DATASET EXCERPT
*****

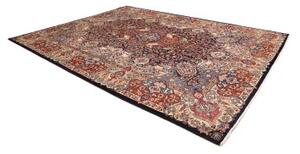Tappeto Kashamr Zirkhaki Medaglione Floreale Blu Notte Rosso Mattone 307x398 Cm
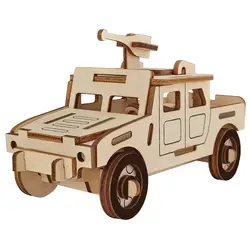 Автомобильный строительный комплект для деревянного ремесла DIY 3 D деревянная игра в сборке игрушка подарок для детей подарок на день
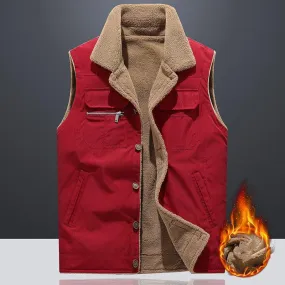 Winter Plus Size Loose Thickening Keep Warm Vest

*****

DESCRIPTION OF THE TASK
Every line above has to be output exactly; the pictures must be dropped.

ANSWER TO THIS TASK
Tappeto Kashamr Zirkhaki Medaglione Floreale Blu Notte Rosso Mattone 307x398 Cm
 Автомобильный строительный комплект для деревянного ремесла DIY 3 D деревянная игра в сборке игрушка подарок для детей подарок на день
 Winter Plus Size Loose Thickening Keep Warm Vest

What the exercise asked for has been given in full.